デヴィッド・ボウイはデビューから以来、キャラクターを設定し、それを演じることで次々に既成のイメージを覆すアルバムを発表してきた。『スペース・オディティ』はアコースティックなアルバムであり、『世界を売った男』はエレクトリック・ギターが中心であり、『ハンキードリー』は一転ピアノの美しい曲が並ぶように、これが同じアーティストのアルバムかと思うくらい、その曲調や全体を覆う雰囲気が異なるものであった。後に本人の代名詞ともなるジギー、そして白く痩せ細った公爵などのキャラ設定をし、ボウイではない誰かを演じる事で変化に性格を持たせてきた。その嚆矢となったのが火星からやってきたロックスター「ジギー」であった。

アルバム『ジギースターダスト(屈折する星屑の上昇と下降、そして火星から来た蜘蛛の群)』は1972年にリリース。

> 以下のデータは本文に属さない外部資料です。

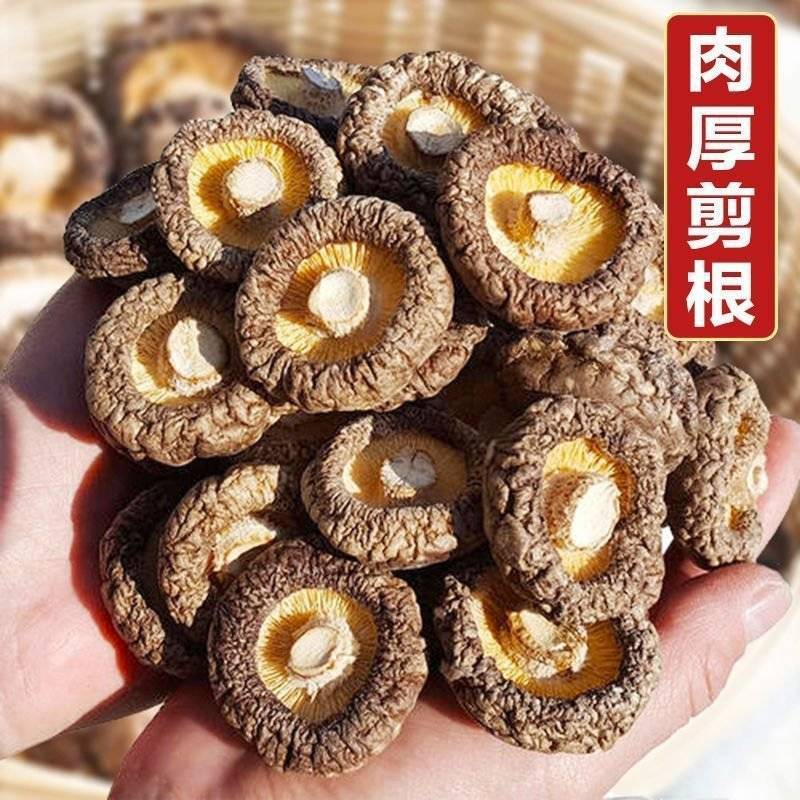 河南干香菇干货批发金钱菇可供商超展会电商一件代发冬菇批发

架空のロックスター、ジギーが異星から地球にやってきて、栄枯盛衰、最後にはロックンロールに殉じるまでを描いたコンセプト・アルバムで、初期から現在に連なるボウイのイメージを決定づけた代表作である。このアルバムに伴うツアーは1972年1月英国から始まった。これは今までローカル・ヒーローだったボウイが初めてアメリカ、そして世界第二の市場だった日本をツアーした最初でもあった。ツアーは長期に渡るもので、1972年から1973年7月までと、1年半をかけて大々的に行われた。ボウイが世界的名声を獲得したのもこの時期といってよいだろう。

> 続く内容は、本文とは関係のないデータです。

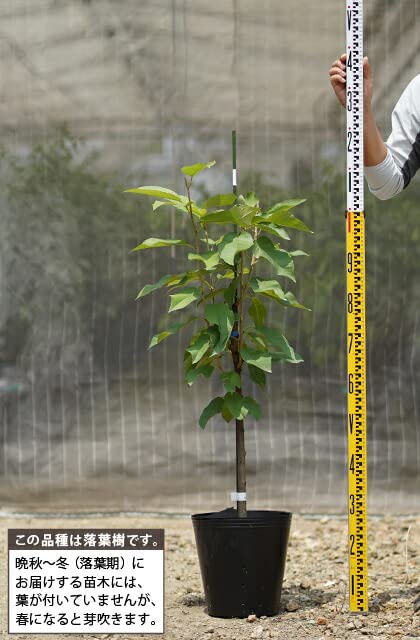 Amazon.co.jp: さくらんぼ 苗木 【紅秀峰 （べにしゅうほう）】 3年生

ツアー初期は衣装もアルバム・ジャケットで着用したものを使い、比較的地味なものであったが、ツアーが進むに連れ衣装は徐々に派手になっていき、またメイクもどぎつくなるなど、世間のイメージをより中性的で異星人的なものに移行させていったのも興味深いところである。そしてツアーを通じて変遷したのは何も衣装など外見的な部分だけではない。セットリストも変化に富み、後のパッケージ化されたものと異なり、様々な曲が演奏されていたことが知られている。おそらく一般的には映画『ジギースターダスト・モーション・ピクチャー』の印象から、ジギー時代のライヴを言えば「君の意志のままに」から始まり「屈折する星くず」へ繋がるオープニング、そして最後は「ロックンロールの自殺者」で終わるセットリストが馴染みのあるところであろう。しかしツアー初期段階では様々な試行錯誤が行なわれ、「レディ・スターダスト」で始まるものもあれば、途中にレアなカバー曲を演奏した日もあれば、「スターマン」に「虹の彼方に」を挿入して演奏した日もあるなど、セットリスト、あるいはアレンジなど多岐多様、いまだにその全貌は明らかになっていない。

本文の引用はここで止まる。